____ DATASET EXTRACT

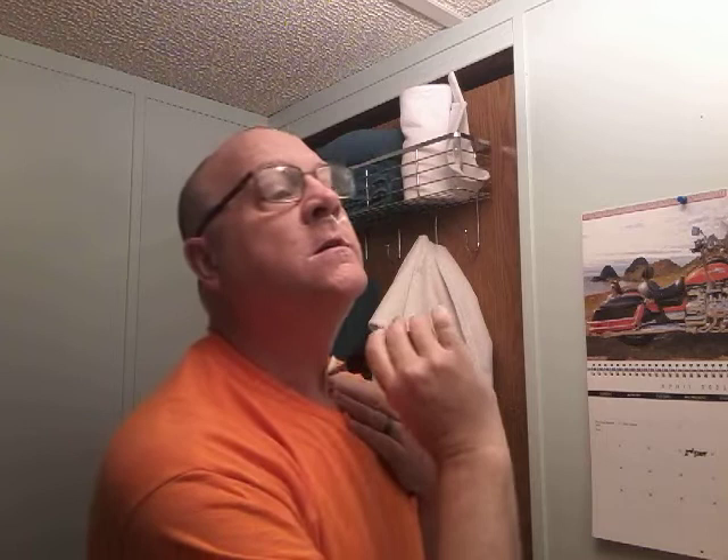Why am I doing this on video? Why not? I told my wife: when you get up in the morning, if you find me laying on the floor, you'll have proof of how stupid I am and how I killed myself.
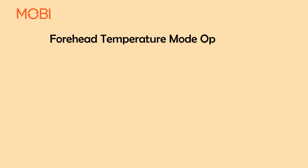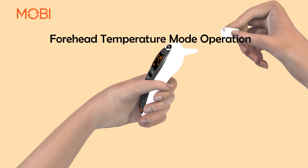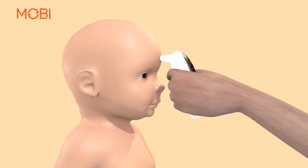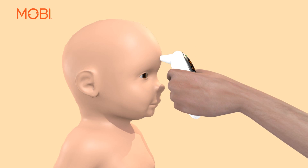Forehead Temperature Mode Operation: Make sure the forehead probe cover is on the unit. Then gently touch the entire tip of the probe to the center of the forehead, midway between the eyebrow and the hairline. Then press the scan button to measure the body temperature.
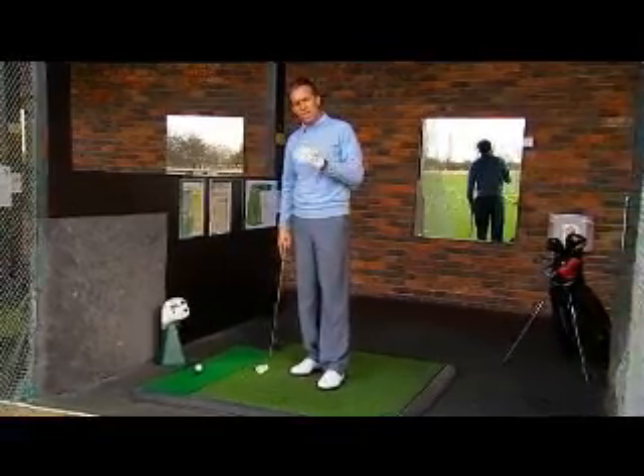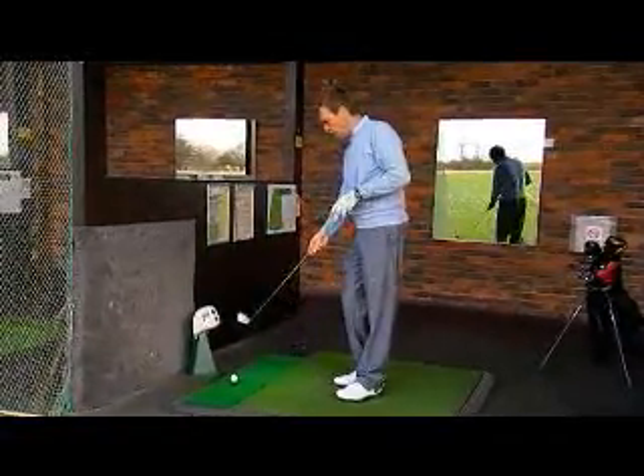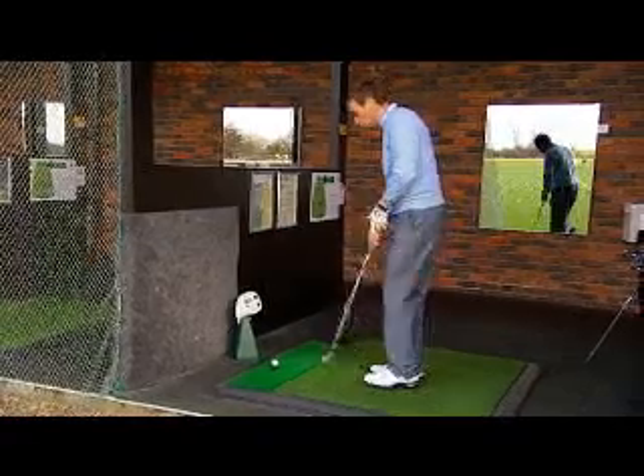Your swing path is one of the biggest influences on how you're going to control the golf ball. What I mean by your swing path is the line you're swinging the golf club in relative to the target line. One of the best ways of learning how to get the ideal swing path for you is by experimentation, and that's where the Power Tee is very useful.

________

**TASK STATEMENT:** Start with the line that holds "Forehead Temperature Mode" and retype each line through the last one in the data, exactly and without pictures.

**ANSWER SECTION:**
Forehead Temperature Mode Operation: Make sure the forehead probe cover is on the unit. Then gently touch the entire tip of the probe to the center of the forehead, midway between the eyebrow and the hairline. Then press the scan button to measure the body temperature.
Your swing path is one of the biggest influences on how you're going to control the golf ball. What I mean by your swing path is the line you're swinging the golf club in relative to the target line. One of the best ways of learning how to get the ideal swing path for you is by experimentation, and that's where the Power Tee is very useful.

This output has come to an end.